La crisi alimentare vista dall'Africa
"Non ditemi, per amor di Dio, che il cibo costa caro a causa del biodiesel", ha esclamato davanti ai giornalisti il presidente brasiliano Luiz Inacio Lula da Silva a Brasilia in occasione della XXX Conferenza regionale dell'Organizzazione dell'Onu per l'alimentazione e l'agricoltura (Fao). "Il cibo è caro perché il mondo non è preparato a vedere milioni di cinesi, indiani, africani, brasiliani e latinoamericani mangiare bene", ha continuato.
"Vogliamo piuttosto discutere di questo con passione e raziocinio, e certamente non dal punto di vista europeo".

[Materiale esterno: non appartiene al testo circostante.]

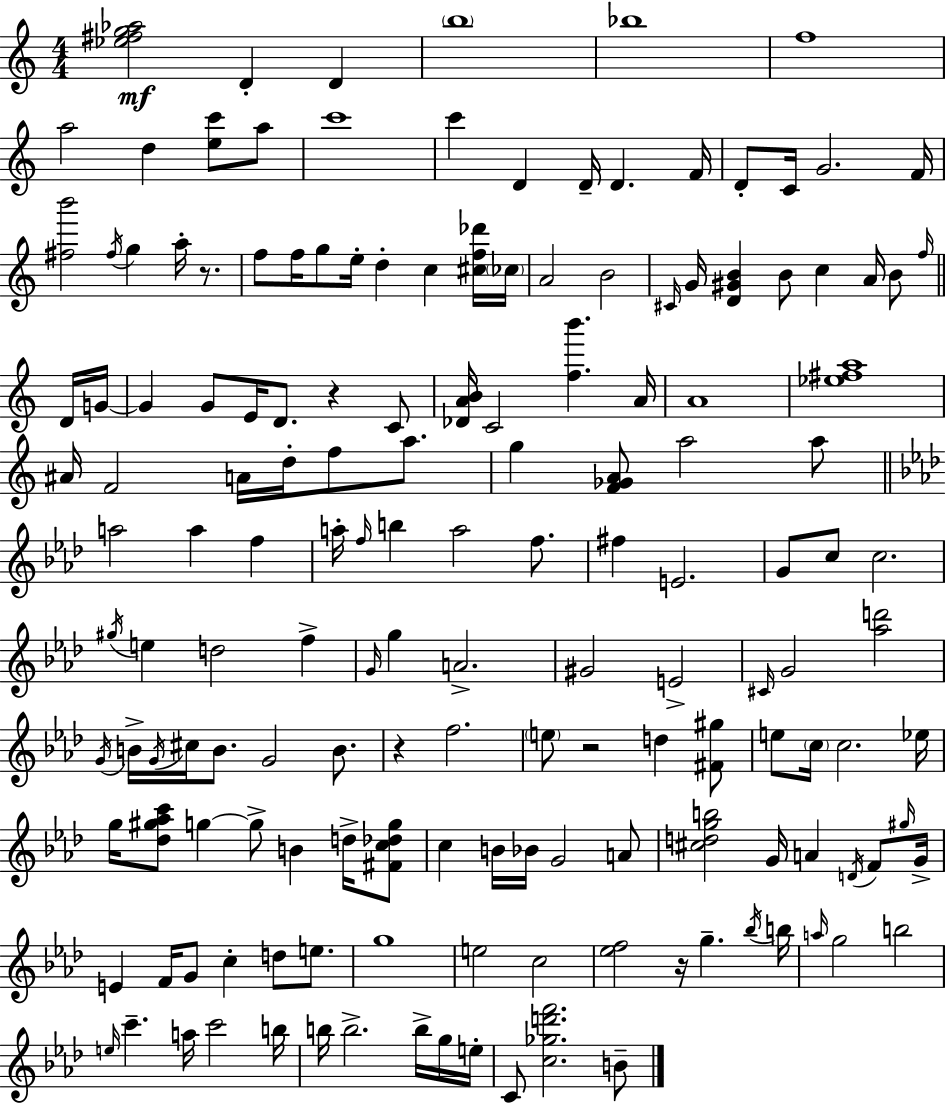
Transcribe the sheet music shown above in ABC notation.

X:1
T:Untitled
M:4/4
L:1/4
K:Am
[_e^fg_a]2 D D b4 _b4 f4 a2 d [ec']/2 a/2 c'4 c' D D/4 D F/4 D/2 C/4 G2 F/4 [^fb']2 ^f/4 g a/4 z/2 f/2 f/4 g/2 e/4 d c [^cf_d']/4 _c/4 A2 B2 ^C/4 G/4 [D^GB] B/2 c A/4 B/2 f/4 D/4 G/4 G G/2 E/4 D/2 z C/2 [_DAB]/4 C2 [fb'] A/4 A4 [_e^fa]4 ^A/4 F2 A/4 d/4 f/2 a/2 g [F_GA]/2 a2 a/2 a2 a f a/4 f/4 b a2 f/2 ^f E2 G/2 c/2 c2 ^g/4 e d2 f G/4 g A2 ^G2 E2 ^C/4 G2 [_ad']2 G/4 B/4 G/4 ^c/4 B/2 G2 B/2 z f2 e/2 z2 d [^F^g]/2 e/2 c/4 c2 _e/4 g/4 [_d^g_ac']/2 g g/2 B d/4 [^Fc_dg]/2 c B/4 _B/4 G2 A/2 [^cdgb]2 G/4 A D/4 F/2 ^g/4 G/4 E F/4 G/2 c d/2 e/2 g4 e2 c2 [_ef]2 z/4 g _b/4 b/4 a/4 g2 b2 e/4 c' a/4 c'2 b/4 b/4 b2 b/4 g/4 e/4 C/2 [c_gd'f']2 B/2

Dopo le proteste in Brasile e in Europa contro i biocarburanti, il presidente del Brasile ha difeso la produzione di etanolo derivato dalla canna da zucchero - usato per il trasporto -, negando che abbia contribuito alla scarsità del cibo e al carovita. E così, mentre sul telegiornale italiano il carovita è una notizia annunciata con grafici e percentuali che si innalzano, in molti Paesi africani (vedi grafico), ma anche in Messico, Perù, Bolivia, Haiti, ecc. è crisi alimentare, cioè, fame.

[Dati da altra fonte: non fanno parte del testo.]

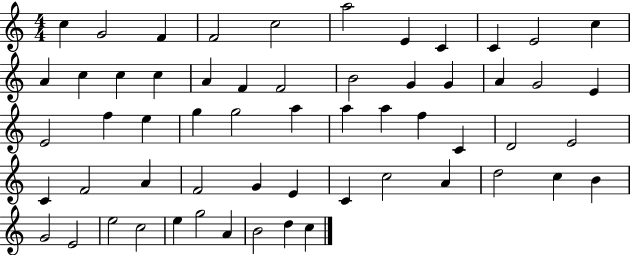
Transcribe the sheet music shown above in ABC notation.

X:1
T:Untitled
M:4/4
L:1/4
K:C
c G2 F F2 c2 a2 E C C E2 c A c c c A F F2 B2 G G A G2 E E2 f e g g2 a a a f C D2 E2 C F2 A F2 G E C c2 A d2 c B G2 E2 e2 c2 e g2 A B2 d c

Negli ultimi dieci mesi il prezzo del frumento e della soia è raddoppiato, quello del riso è aumentato del 75% e quello del granoturco del 66%: ecco il motivo delle manifestazioni di protesta in varie parti del mondo. E l'Africa è la capofila! Gli africani avvertono di più il colpo perché sono i principali importatori di cereali, e questo capita proprio quando sale il prezzo del petrolio. Nel bilancio della famiglia africana l'alimentazione assorbe circa il 70% dei redditi (nei Paesi ricchi solo 15%). Cinquant'anni fa, i Paesi africani avevano un'eccedenza di prodotti agricoli. Quelli industrializzati, negli ultimi decenni, hanno creato un'agricoltura che produce molto impiegando solo il 4 - 5% della popolazione. Anzi, grazie ai sussidi governativi (un miliardo di dollari al giorno), i governi spingono a produrre di meno.
Sotto l'influenza della Banca mondiale e altri organismi internazionali, i Paesi non ancora industrializzati hanno ulteriormente sviluppato colture di esportazione (caffé, cotone, cacao, ecc.) a scapito di quelle di sussistenza per il mercato interno. Insomma l'agricoltura è stata trascurata, la popolazione è cresciuta e le classi medie dei Paesi emergenti (India e Cina con circa 600 milioni di persone) hanno cominciato a consumare molto di più e meglio.
L'offerta non riesce a soddisfare la domanda che cresce. Ecco la crisi, soprattutto in Africa.
Ma il diritto al cibo è un diritto fondamentale. Per lo Stato ciò implica tre obblighi: a rispettare, a proteggere e a provvedere. In altre parole: sovranità alimentare!
L'ha capito il presidente del Senegal, Abdoulaye Wade: "Dobbiamo aumentare la nostra produzione di riso. In sei anni, dobbiamo poter produrre in loco le 600.000 tonnellate che compriamo all'estero, a ritmo di 100.000 tonnellate all'anno. Abbiamo la terra, la volontà, la popolazione, le macchine. Possiamo irrigare 240.000 ettari nella regione del fiume Senegal". Intanto sarà l'India a mandargli le 600.000 tonnellate di riso. Buone decisioni, in verità! Se fossero state prese sei anni fa! Non bisogna mai trascurare l'agricoltura, anche se il consiglio viene dalla Banca mondiale!